D. Pengaruh Psikologis Terhadap Sikap Konsumen
Hasil uji hipotesis
ternyata dengan nilai critical ratio (CR) 3,412 lebih besar dari 1,96 sehingga
berpengaruh positip signifikan. Besarnya nilai pengaruh psikologis
konsumen terhadap sikap kepercayaan konsumen pada atribut buah lokal
adalah sebesar 0,439 atau 43,90 persen.
Psikologis konsumen
yang berpengaruh positip terhadap sikap konsumen menunjukkan bahwa semakin
tinggi motivasi; persepsi dan pengetahuan dalam hal produk buah lokal maka
semakin semakin tinggi sikap kepercayaan konsumen terhadap
atribut-atribut buah lokal. Secara psikologis konsumen sudah mengenal dan
akrab dengan buah-buahan lokal, sehingga kedekatan itu mendorong konsumen untuk
bersikap positip terhadap buah lokal.
E. Pengaruh Strategi Pemasaran Terhadap Sikap
Konsumen
Hasil uji hipotesis
tentang pengaruh strategi pemasaran terhadap sikap kepercayaan ternyata
menunjukkan bahwa nilai critical ratio (CR) 1,690 lebih kecil dari 1,96,
sehingga tidak signifikan. Besarnya nilai pengaruh ‘strategi pemasaran’

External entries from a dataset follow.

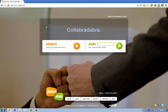Hey guys, in this video I'm just going to show you the fastest way that you could share your screen with your friends or anyone. It's very simple, you don't have to install anything and it just runs in your browser and everything just works.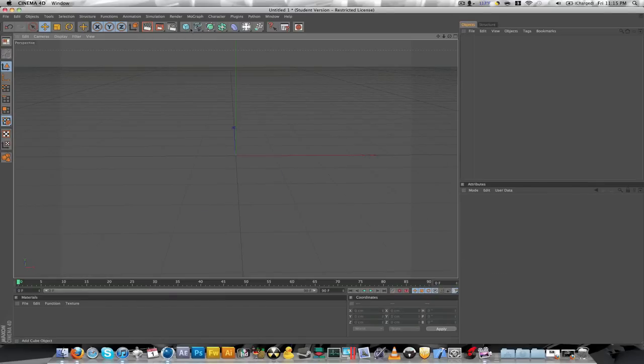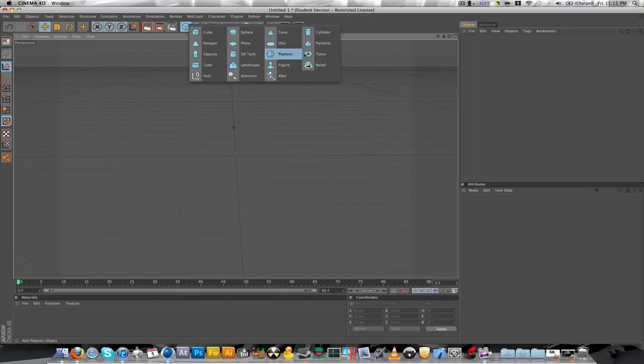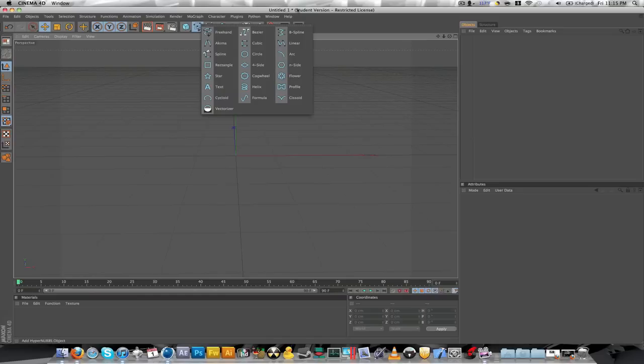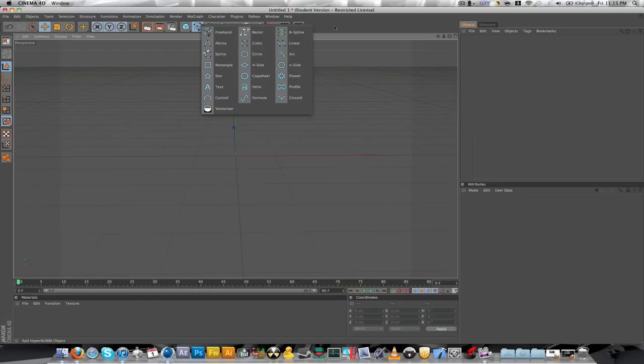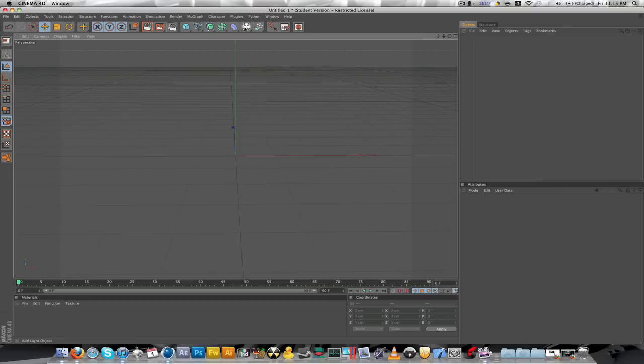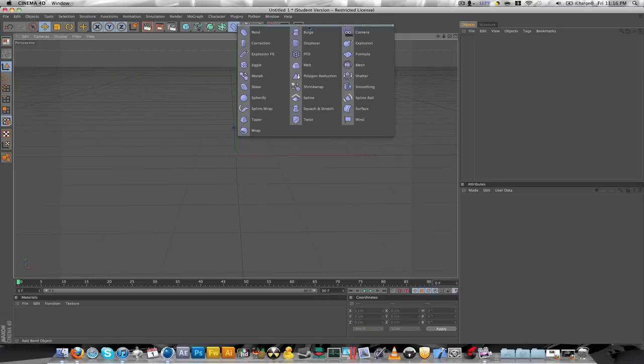Anyway, here's your primitive object thing. There's anything that's not edited yet. Your splines, anything there. Your NURBS, Extrude, Hyper, whatever. This thing, Ray, Cloner, Boole, Metabol, Spline Mask. Your bends, your special effect type things. Those are pretty good.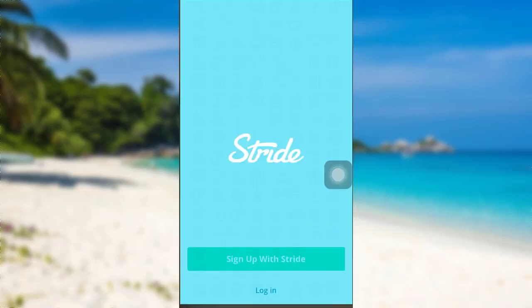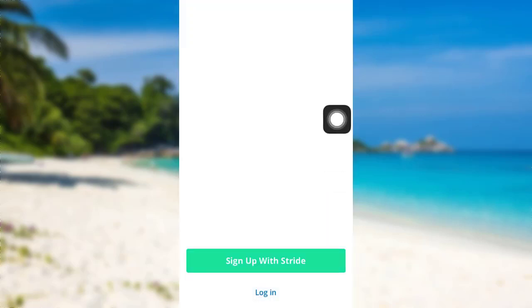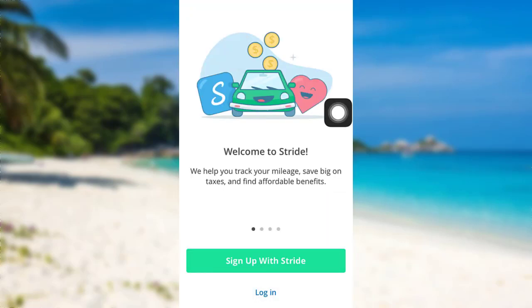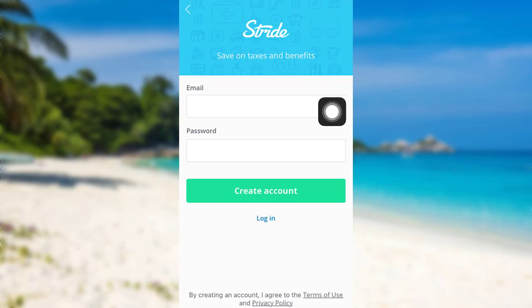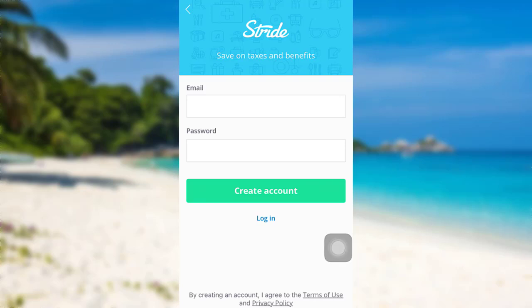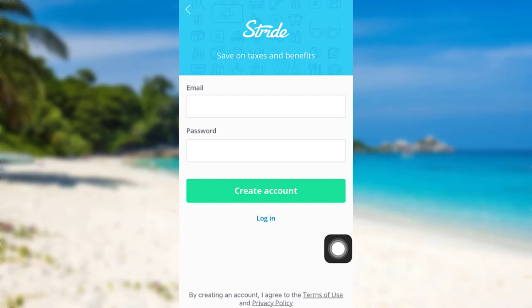First of all, open the app Stride. After that, tap on the option 'Sign up with Stride.' You'll be asked to enter your email address and then create a password. Enter the information asked and then tap on 'Create Account.' After that, follow the further instructions provided.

terhadap sikap kepercayaan konsumen pada atribut buah lokal adalah
sebesar 0,225 atau 22,50 persen.
Strategi pemasaran yang
tidak berpengaruh positip terhadap sikap konsumen menunjukkan bahwa tidak
terdapat upaya-upaya dalam bentuk : 1). Strategi produk; 2). Strategi
harga; dan 3). Strategi distribusi yang berpengaruh nyata terhadap mengkonsumsi
/membeli buah maka semakin tinggi sikap konsumen dalam menilai atribut-atribut
buah lokal.
KESIMPULAN DAN SARAN
Beberapa kesimpulan yang
diperoleh dari hasil penelitian ini adalah :
Faktor-faktor
yang berpengaruh terhadap sikap kepercayaan konsumen dalam membeli
buah, menunjukkan bahwa :
1. Perubahan ‘budaya’ maupun
peningkatan ‘psikologis’ konsumen, dapat meningkatkan secara nyata
sikap-kepercayaannya dalam membeli /mengkonsumsi buah lokal.
2. Konsumen tidak perlu
mempertimbangkan ‘Lingkungan sosial’-nya dalam membeli
buah lokal dan peningkatan karakteristik ‘individu’ konsumen
tidak menjadikan sikap kepercayaannya meningkat dalam membeli/
mengkonsumsi buah lokal.
3. Konsumen tidak merasakan
adanya ‘Strategi pemasaran’ yang ditempuh perusahaan/
pemasar yang dapat mendukung meningkatkan
‘sikap-kepercayaan’-nya
dalam membeli /mengkonsumsi buah lokal
Saran yang diperoleh
dari hasil penelitian ini adalah :
1. Buah lokal perlu diperlakukan sebagai
produk yang lebih dihargai di negeri sendiri.
2. Daya saing buah lokal agar ditingkatkan
melalui : strategi pemasaran dan peningkatan atribut.